━━ Record excerpts
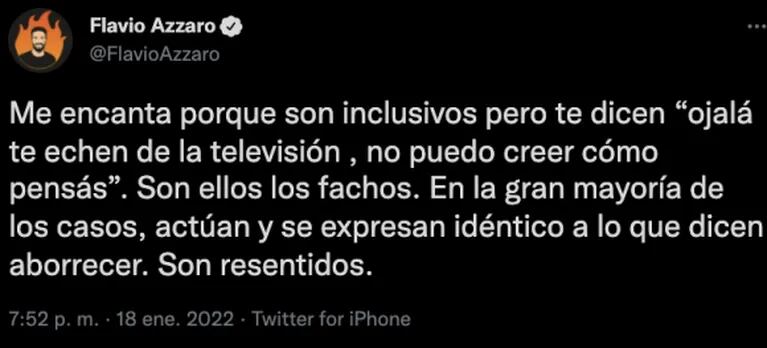 Flavio Azzaro tras haber sido criticado por ironizar el ataque a un bar LGBTIQ+: "Son resentidos"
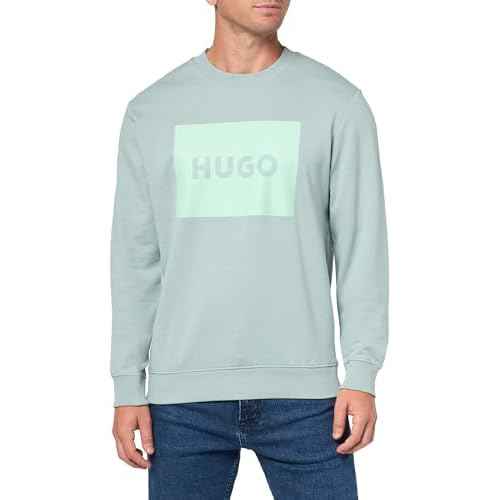 HUGO Men's Big Square Logo Crew Neck Sweatshirt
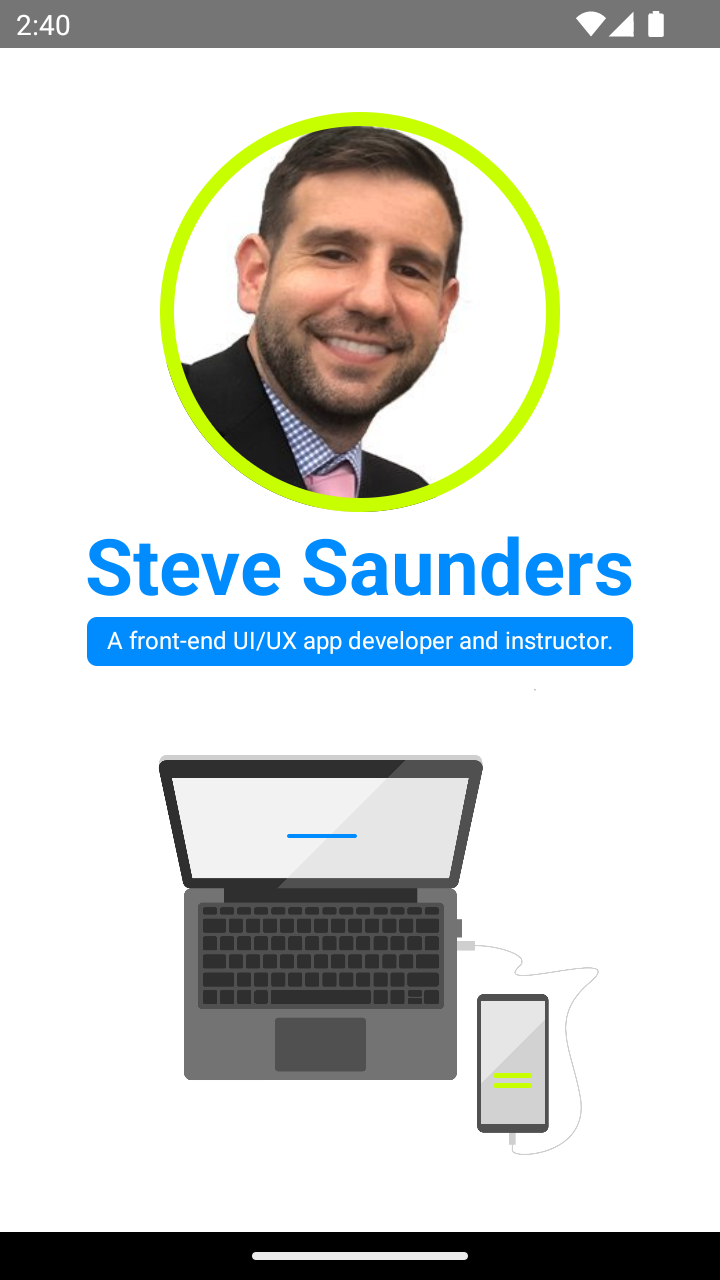 front of digital business card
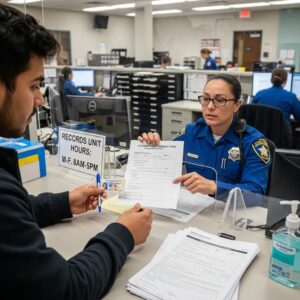 A person requesting a car accident report at the Glendale police department, illustrating the report acquisition process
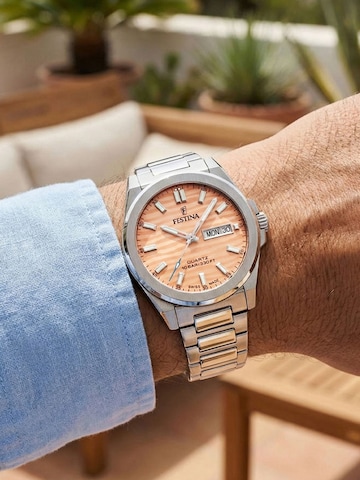 Montre à affichage analogique 'Date watch Classic Steel Swiss Made' FESTINA en marron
━━━━
**Work to be completed**
Reproduce the data above exactly, leaving each picture out.

**Output**
 Flavio Azzaro tras haber sido criticado por ironizar el ataque a un bar LGBTIQ+: "Son resentidos"
 HUGO Men's Big Square Logo Crew Neck Sweatshirt
 front of digital business card
 A person requesting a car accident report at the Glendale police department, illustrating the report acquisition process
 Montre à affichage analogique 'Date watch Classic Steel Swiss Made' FESTINA en marron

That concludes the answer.